# Overmolded Handles



## AidenCC (May 13, 2022)

I’ve been trying for a while to make “low maintenance” kitchen knives, primarily as gifts (most people don’t take great care of knives). One of the roads that led me down was casting epoxy handles over my own stainless blades. 















All of the knives shown are AEB-L with an epoxy following FDA criteria for ingredients and migration for food safety, with a high heat deflection temperature, for the handles. I know you shouldn’t run a nice knife through a dishwasher, but it doesn’t kill these ones. I currently have made molds for chef and paring knives (which with a slightly thicker blade became my main trout fishing knife, the one in green and black). If you’re careful, you can overmold a second material, like silicone for grip. Below are a few shots of the mold making/casting process. Thanks fie looking, questions and feedback on the designs certainly welcomed!


----------



## KitchenCommander (May 26, 2022)

Something you don't see every day.
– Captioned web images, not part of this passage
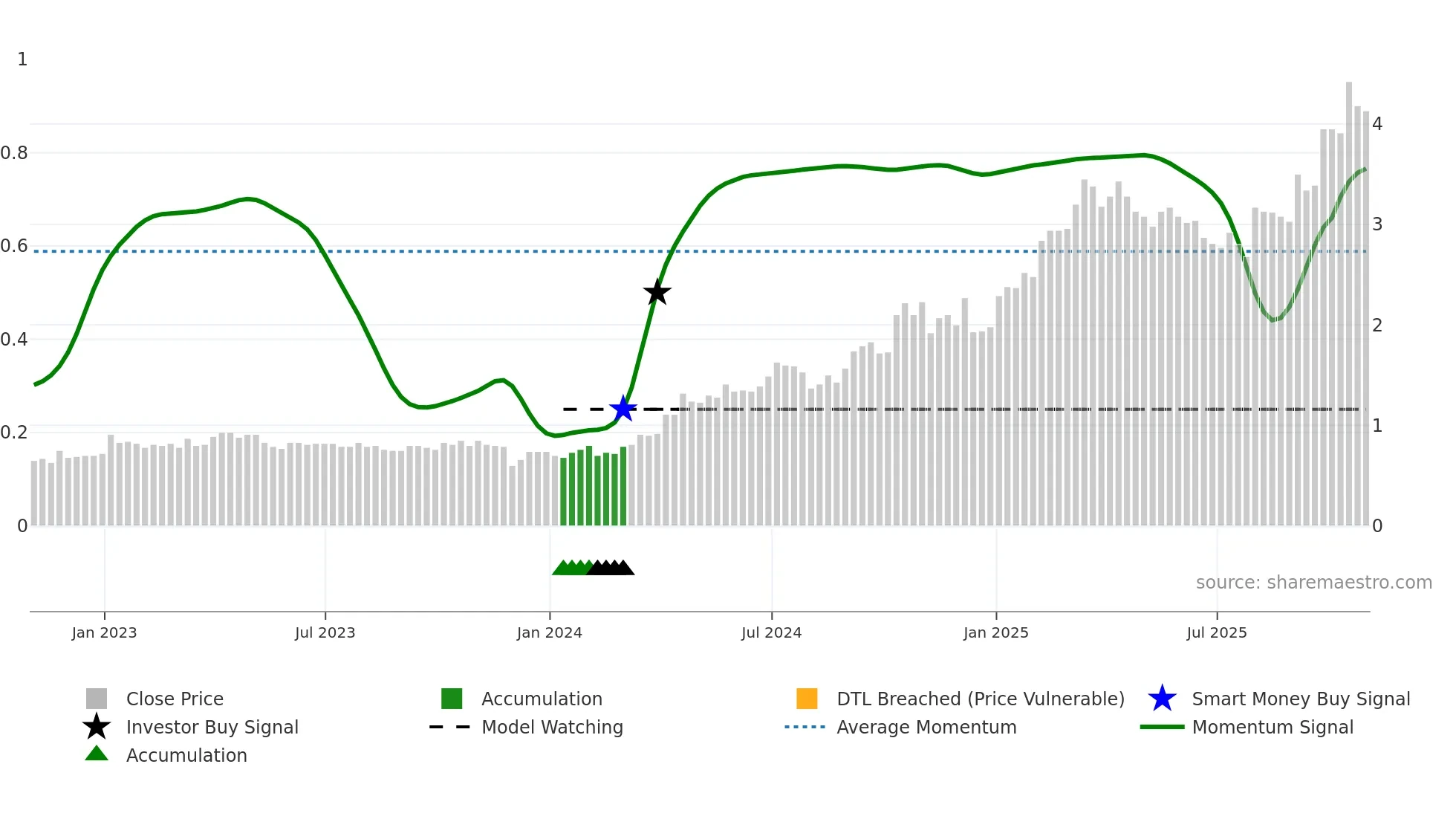 GTWO weekly Smart Money chart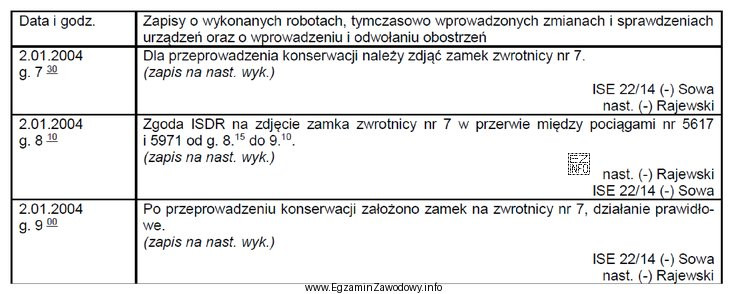 Przedstawione w tabeli zapisy powinny znajdować się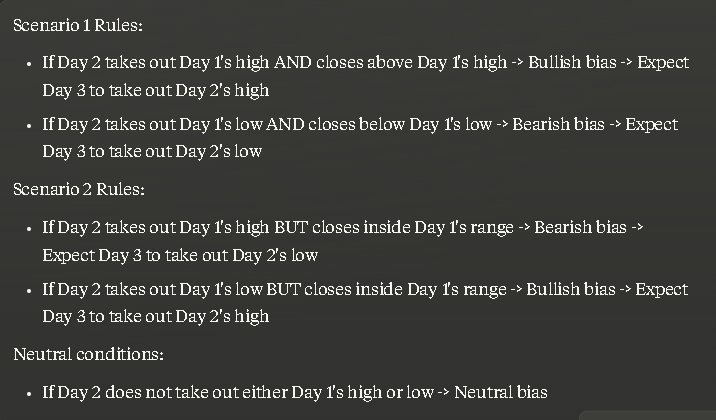 ROTGITM's tweet photo. I was curious, so I fed Claude all of the $MNQ daily data and set the rules that @TTrades_edu used for his daily bias This is the resulting data. I would say it is better than most out there for bias. https://t.co/aELm0LGWVi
Very cool. What does the tang inside the handles look like? Is this easier/cheaper than a full tang construction?


----------



## AidenCC (May 26, 2022)

Thanks! It's been an interesting journey to acquire all of the skills and equipment to be able to actually make these.





Here is a picture of a bunch of blades before grinding. The tangs get some notches like the last one but I leave the to the end so they are more comfortable to hold onto. 

As for cost, I would say they are a fair bit cheaper to make in time and materials than a knife with a "typical" handle for me if you consider one with the same heat/moisture resistance (such as resin scales + corby fasteners):

For materials ~$18 less:
-4 Oz of the resin I use is $3.67, typical cast scales are ~$15
-3 stainless Corby fasteners $6.75, $0 for the cast handle

For time ~ 1 15 minutes hour less:
- 30 minutes to degas and pour resin vs 1 hour to drill, fit up, and glue a hidden tang
- 30 minutes to clean up vs 1 hour to shape and finish a hidden tang
- Grinding takes ~ 15 mins less with easier transition to tang

Consumables ~$5 less:
- No sanding belts used for handle shaping

Pain and suffering, priceless:
- Grinding is much easier with no cross section change from blade to tang
- You can have a beer while waiting for the resin to degas
- No worrying about ruining the knife while shaping the handle with power tools

For a chef knife like this, you can shave off 1/3 -1/2 the cost of the knife, depending on other factors. As for easier, I would say that making molds has a steep learning curve and is always time consuming, but using them is pretty straight forward.


----------